Eiseman notes telling factors including brides returning to traditional white, the rise of minimalism, a makeup line inspired by the white look in the movie "Memoirs of a Geisha," and white tea. But, she said, white also tends to gain strength during times of economic uncertainty and strife such as wars, and this gives it more staying power right now.
"At a time like this, when you look back historically, people do have a tendency when there is great stress to cleanse the palette ... a need to purify, to cleanse, to simplify," she said. "White speaks to all of those."
Shade in your life
Shoppers are savvier than ever and have far more options, but forecasters are not a dying breed. Leave it to Eiseman to cite new evidence of brown's staying power, growing in Washington state's Whidbey Island. There, she points to the Chocolate Flower Farm, which sells dark maroon foliage and plants.
OK, so brown is secure in its popularity for the moment (though expect it to morph into tan and butterscotch for the spring). But what about the rest of the color palette?

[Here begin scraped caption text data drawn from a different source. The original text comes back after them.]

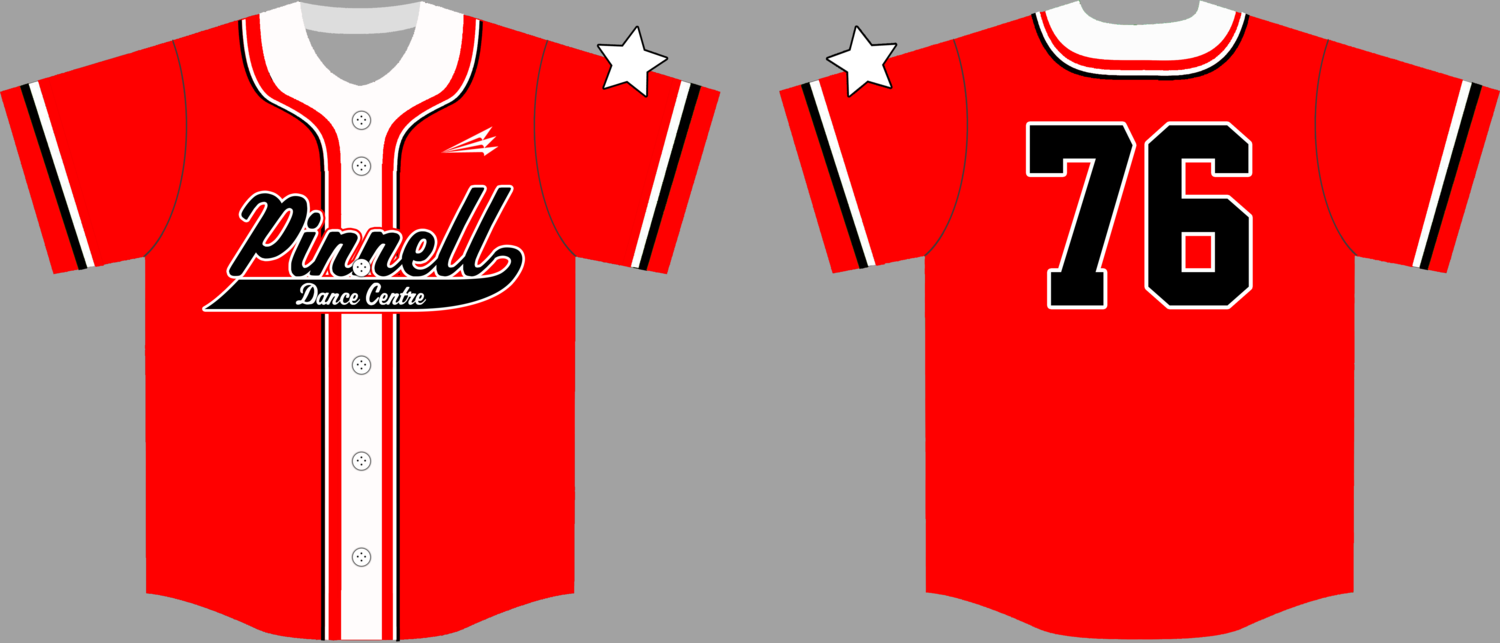 Pinnell Dance Centre Custom Hexaflex Baseball Jersey Design #4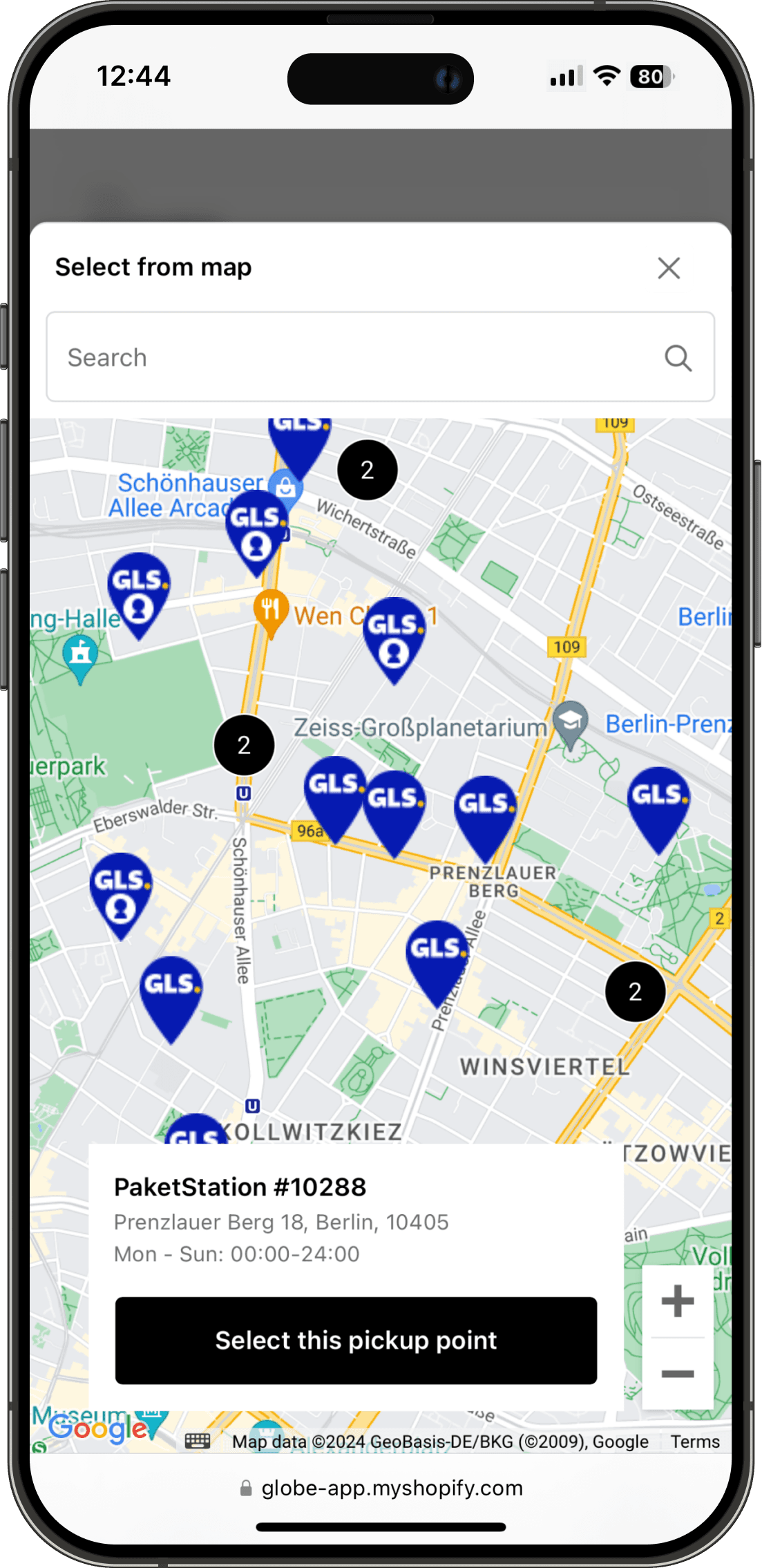 Interaktivní mapa výdejních míst GLS v rozhraní Shopify pokladny
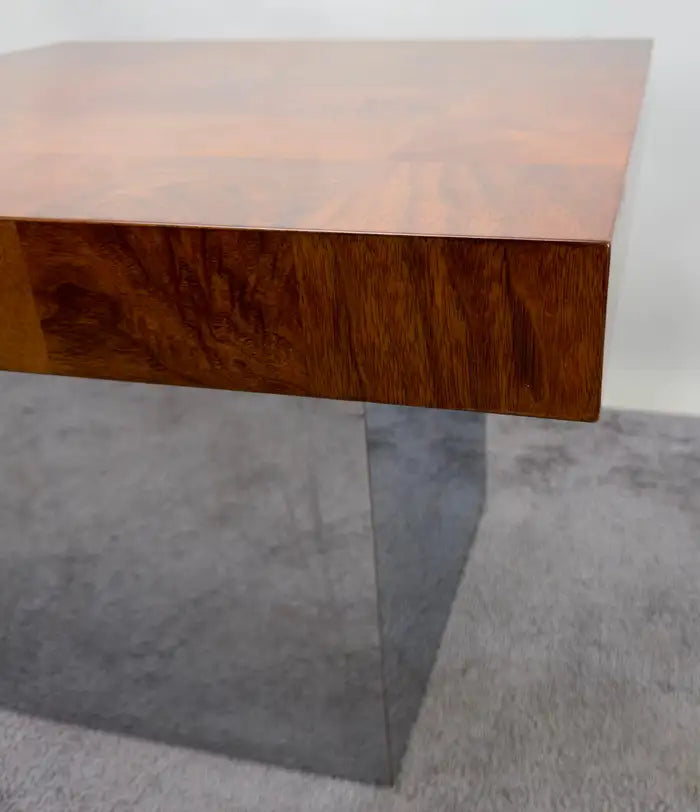 Milo Baughman for Thayer Coggin MCM Burl & Chome Coffee, Cocktail Table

Colors from the 1800s, early 1900s and the 1940s such as purple are providing inspiration for 2007, said Sandra Imre, a Seattle-based color consultant who is a member of the Color Marketing Group. Down the road, the 2008 Summer Olympics in Beijing will add cultural colors.
"Essentially we're going to see more color, more vivid color, more globally inspired color and more color that plays upon contrast harmonies rather than making color a more bland experience," Walch said.
As for the hottest color for spring, Walch predicts that yellow, which has been showing up as an accent color, will make the biggest splash.
"Yellow is a color that's been most underplayed and is going to have its day," she said.